Dlatego też TK uznał, że ramy czasowe kierowania sądem przez wiceprezesa, którego na to stanowisko wyznaczył minister, powinny być jasno określone.

Sędziowie delegowani nie mogą orzekać

Trybunał zajął się także problemem sędziów oddelegowanych do pełnienia czynności administracyjnych w Ministerstwie Sprawiedliwości i uznał, że przepis ten narusza konstytucyjną zasadę trójpodziału władz oraz godzi w niezawisłość sędziów.
- Delegowanie sędziów do resortu, ze względu na dużą skalę zjawiska, może osłabiać sądy. Ponadto sędzia oddelegowany jest hierarchicznie podporządkowany zarówno ministrowi, jak i szefowi danego departamentu, w którym pełni czynności - uzasadniał Mirosław Granat.
Z tego powodu TK uznał, że łączenie delegowania z orzekaniem jest niedopuszczalne.
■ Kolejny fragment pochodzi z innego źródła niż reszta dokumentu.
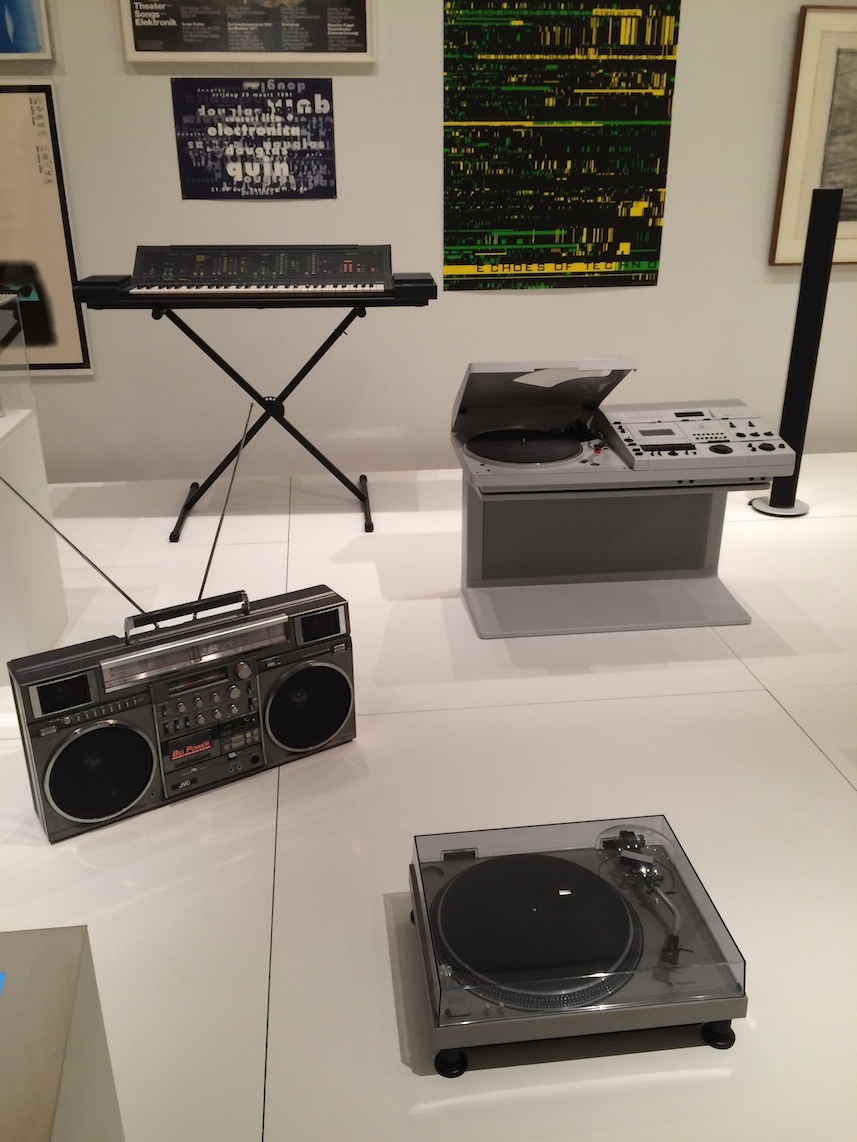 MoMA Radios años 70 y 80 - Radiocassete y equipo musicales MoMA Radios años 70 y 80 - Radiocassete y equipo musicales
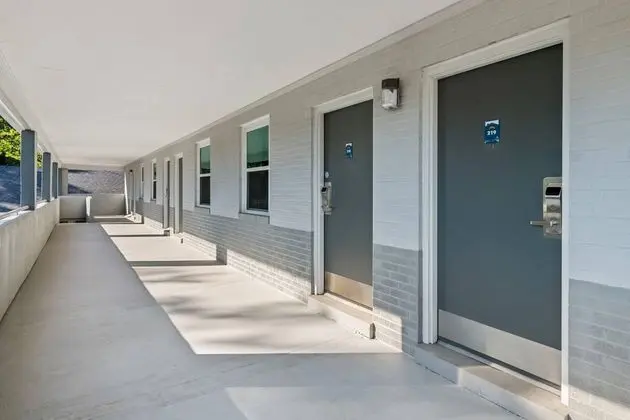 Birchwood Suites - Dış Mekan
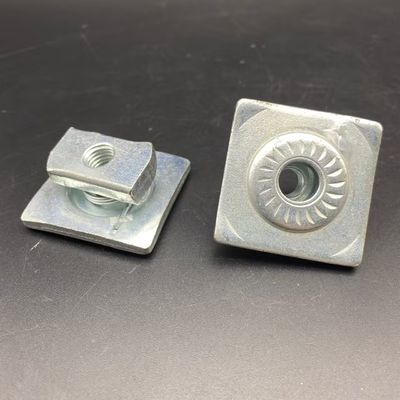 Nut de primavera con lavadora de canal M10 galvanizado y sumergido en caliente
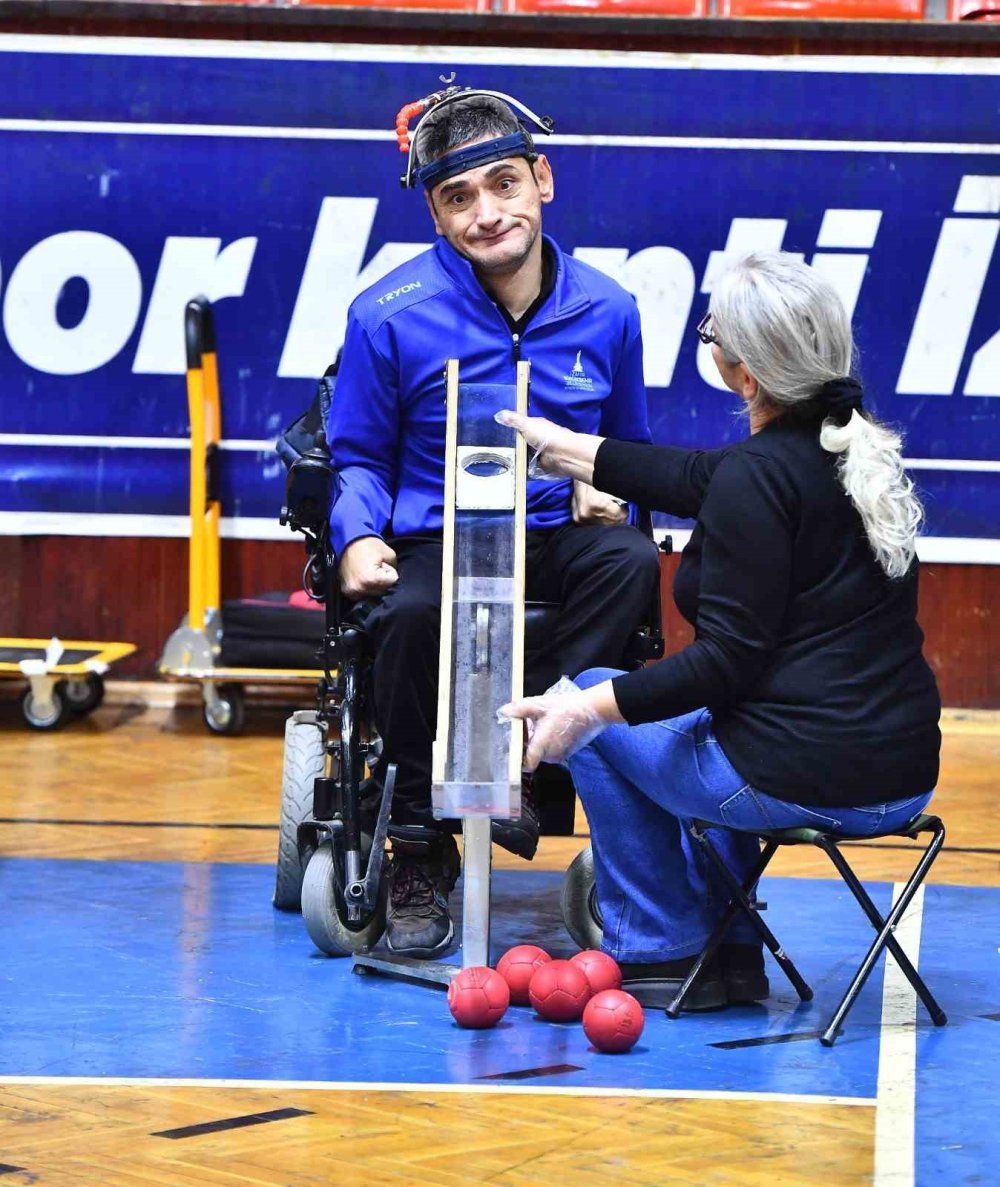 Engelleri teker teker aştı kendi başarı öyküsünü yazdı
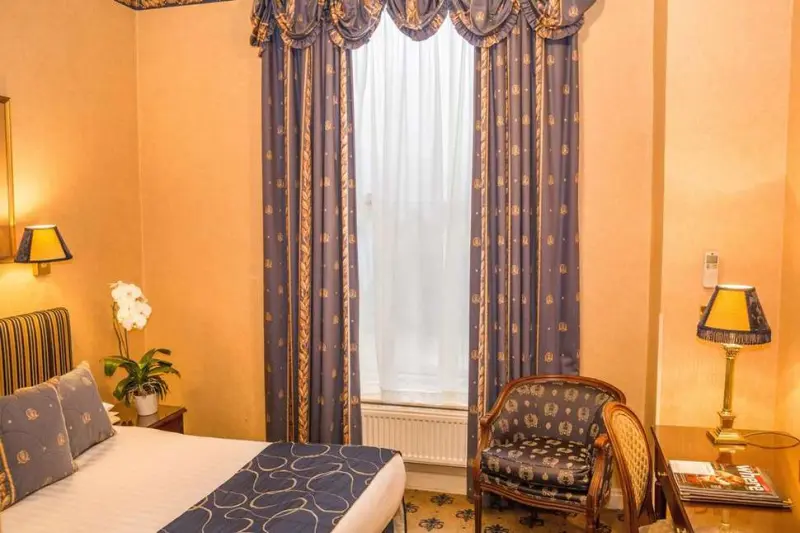 London Lodge Hotel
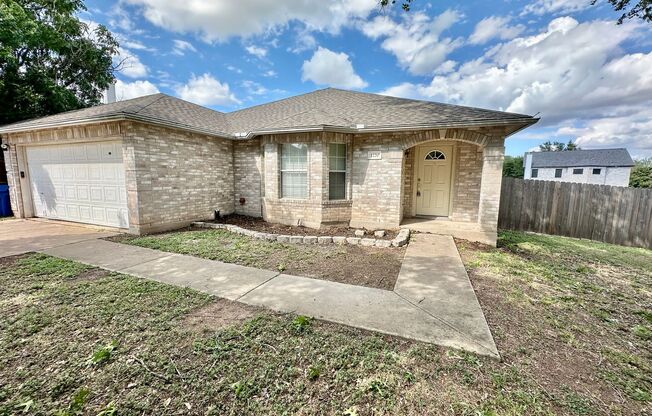 Charming Single-Story Home with Spacious Master Suite in Springbrook Enclave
Wielu sędziów oddelegowanych do resortu otrzymało bowiem zgodę na dalsze wydawanie wyroków w sądach macierzystych.
- Sędziowie na czas delegacji powinni tracić możliwość orzekania albo otrzymywać na ten czas urlop z wykonywania czynność orzeczniczych - tłumaczył Mirosław Granat.
Trybunał uznał za niezgodne z konstytucją także przepisy, które pozwalały oddelegować sędziego bez jego zgody do orzekania w innym sądzie lub do wykonywania czynności administracyjnych w resorcie sprawiedliwości.
PRAWO O USTROJU SĄDÓW POWSZECHNYCH
Trybunał orzekł, że niekonstytucyjne są przepisy, które pozwalają ministrowi sprawiedliwości na:
• bezterminowe powierzanie obowiązków kierowania sądem wiceprezesowi,
• delegowanie sędziego do wykonywania czynności administracyjnych w Ministerstwie Sprawiedliwości,
• delegowanie sędziego bez jego zgody do orzekania w innym sądzie niż sąd, w którym ma swoje miejsce służbowe, oraz do Ministerstwa Sprawiedliwości.
Trybunał orzekł, że konstytucyjne są przepisy, które pozwalają ministrowi sprawiedliwości na:
• zwracanie sędziom uwagi w razie stwierdzenia uchybień w zakresie postępowania sądowego,
• wyznaczanie lub znoszenie stanowiska sędziowskiego, w sytuacji gdy zostanie ono zwolnione,
• uchylanie niezgodnych z prawem sądowych zarządzeń administracyjnych.